Short descriptive text snippets:
=====

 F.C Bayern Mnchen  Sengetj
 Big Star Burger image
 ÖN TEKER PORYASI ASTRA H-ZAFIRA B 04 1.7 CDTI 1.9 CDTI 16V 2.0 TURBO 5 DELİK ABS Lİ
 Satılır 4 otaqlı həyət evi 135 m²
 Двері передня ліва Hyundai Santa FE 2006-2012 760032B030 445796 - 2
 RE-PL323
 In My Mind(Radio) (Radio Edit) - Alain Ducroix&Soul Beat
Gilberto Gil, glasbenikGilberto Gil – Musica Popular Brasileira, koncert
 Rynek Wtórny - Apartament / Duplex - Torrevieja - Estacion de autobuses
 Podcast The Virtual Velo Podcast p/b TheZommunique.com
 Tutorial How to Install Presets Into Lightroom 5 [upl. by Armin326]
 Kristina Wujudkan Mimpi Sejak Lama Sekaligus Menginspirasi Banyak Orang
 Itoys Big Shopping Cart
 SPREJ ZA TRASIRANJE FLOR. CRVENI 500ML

=====

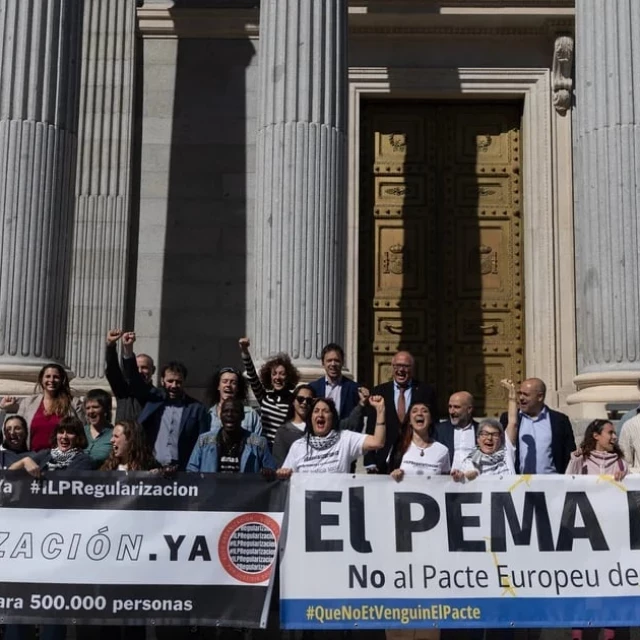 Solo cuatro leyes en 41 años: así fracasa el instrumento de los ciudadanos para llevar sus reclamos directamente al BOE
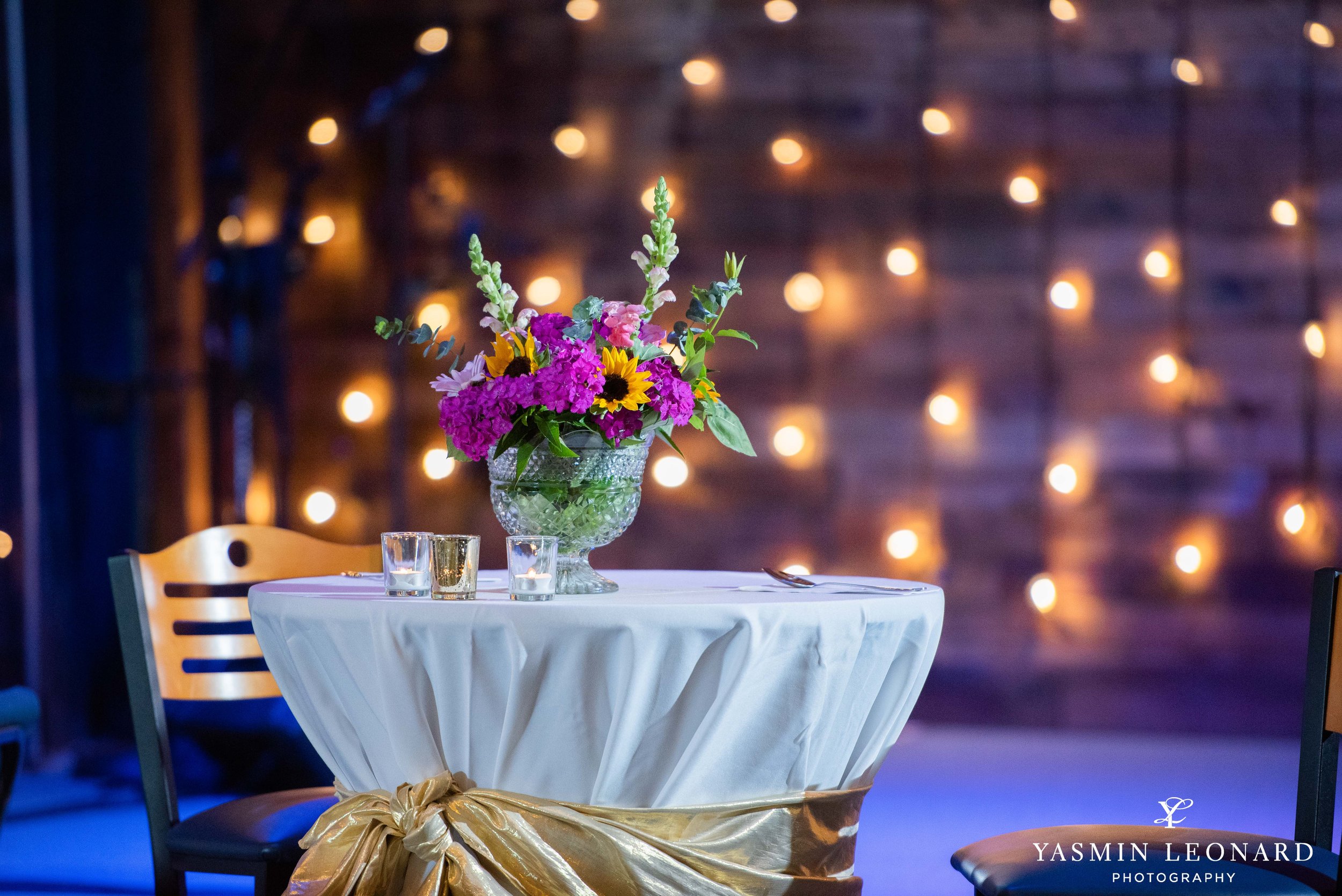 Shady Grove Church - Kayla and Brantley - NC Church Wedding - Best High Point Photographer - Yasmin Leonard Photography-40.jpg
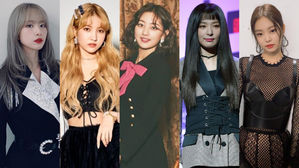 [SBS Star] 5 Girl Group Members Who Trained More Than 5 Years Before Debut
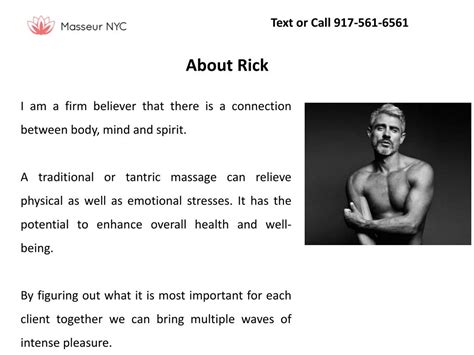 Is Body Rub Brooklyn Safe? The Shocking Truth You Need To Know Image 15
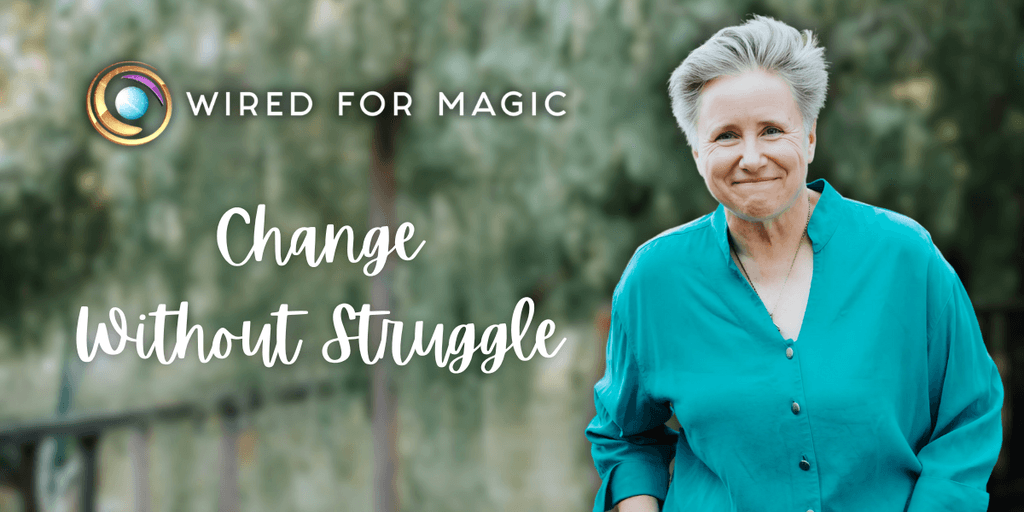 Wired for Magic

=====

About this task:
Above are some records; extract exactly the lines from the one containing "[SBS Star] 5" through the one containing "Wired for Magic" and drop the pictures.

Solution:
 [SBS Star] 5 Girl Group Members Who Trained More Than 5 Years Before Debut
 Is Body Rub Brooklyn Safe? The Shocking Truth You Need To Know Image 15
 Wired for Magic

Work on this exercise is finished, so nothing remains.